**RECORDS**
____________
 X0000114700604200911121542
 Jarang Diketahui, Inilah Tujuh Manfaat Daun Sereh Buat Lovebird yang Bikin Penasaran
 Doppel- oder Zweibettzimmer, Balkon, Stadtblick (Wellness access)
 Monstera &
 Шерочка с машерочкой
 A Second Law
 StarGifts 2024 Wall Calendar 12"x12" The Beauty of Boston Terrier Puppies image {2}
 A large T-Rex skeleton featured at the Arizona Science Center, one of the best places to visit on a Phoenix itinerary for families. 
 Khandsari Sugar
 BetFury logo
____________
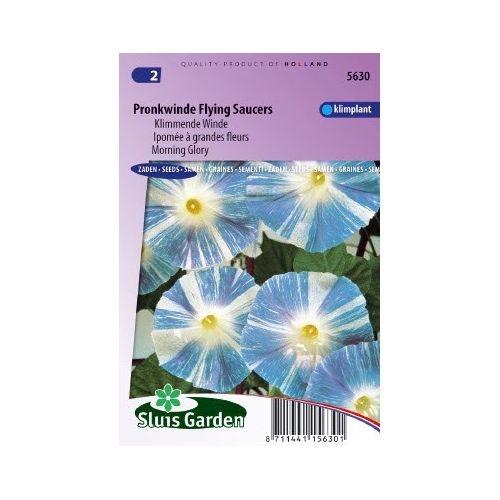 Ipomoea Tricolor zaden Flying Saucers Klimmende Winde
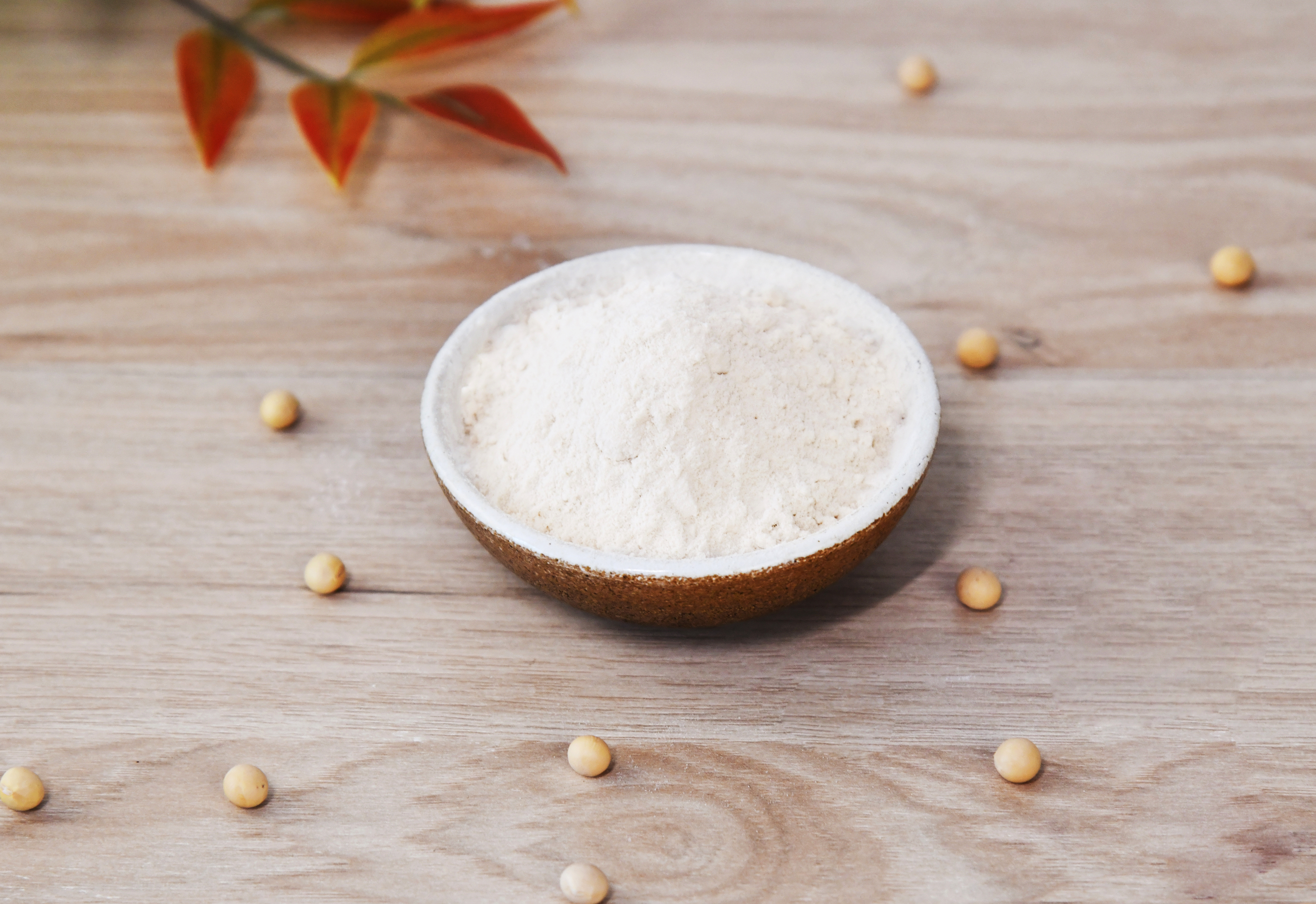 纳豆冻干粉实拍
____________
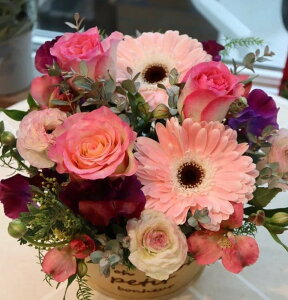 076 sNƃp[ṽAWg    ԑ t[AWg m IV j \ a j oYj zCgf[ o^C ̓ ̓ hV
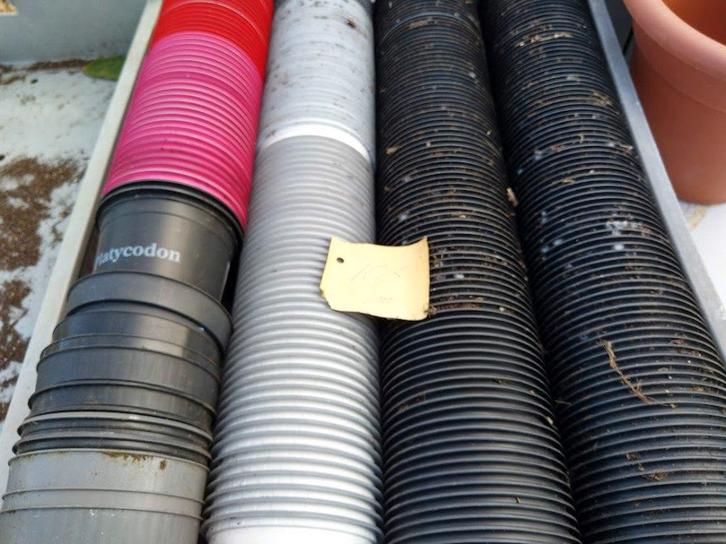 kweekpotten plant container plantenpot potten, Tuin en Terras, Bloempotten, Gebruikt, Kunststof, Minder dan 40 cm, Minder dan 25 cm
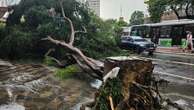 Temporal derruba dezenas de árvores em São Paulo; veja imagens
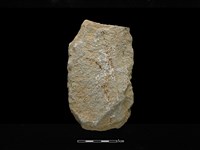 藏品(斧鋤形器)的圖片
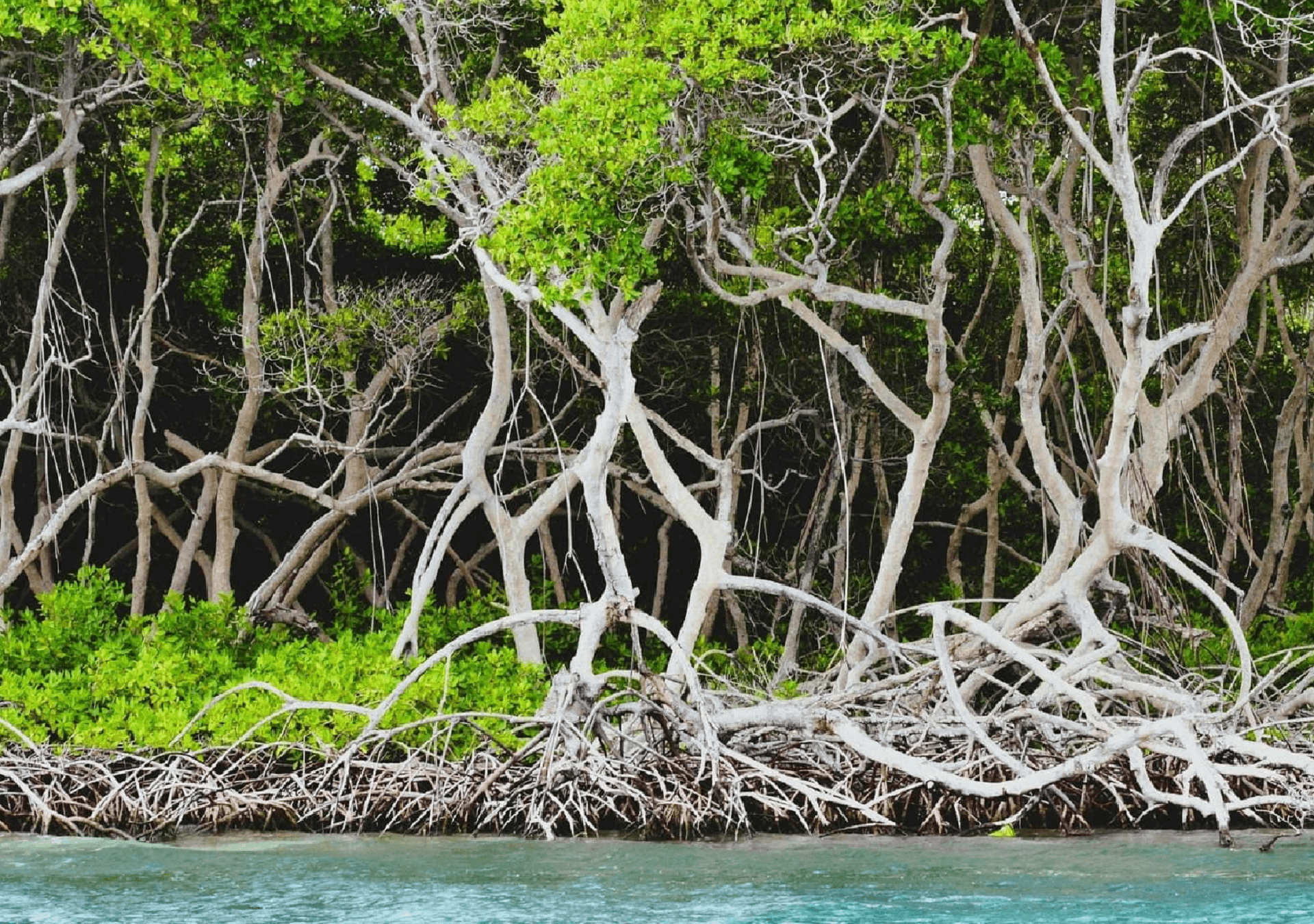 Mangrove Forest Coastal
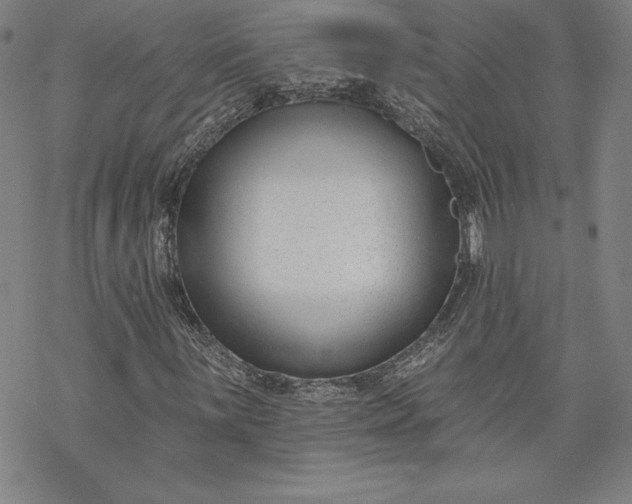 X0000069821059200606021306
____________
**EXERCISE BRIEF**
Repeat exactly the stretch of the listing above that starts with the line holding "zCgf[ o^C ̓ ̓ hV" and finishes with the line holding "X0000069821059200606021306", both included. Skip every picture.

**SOLVED EXERCISE**
 076 sNƃp[ṽAWg    ԑ t[AWg m IV j \ a j oYj zCgf[ o^C ̓ ̓ hV
 kweekpotten plant container plantenpot potten, Tuin en Terras, Bloempotten, Gebruikt, Kunststof, Minder dan 40 cm, Minder dan 25 cm
 Temporal derruba dezenas de árvores em São Paulo; veja imagens
 藏品(斧鋤形器)的圖片
 Mangrove Forest Coastal
 X0000069821059200606021306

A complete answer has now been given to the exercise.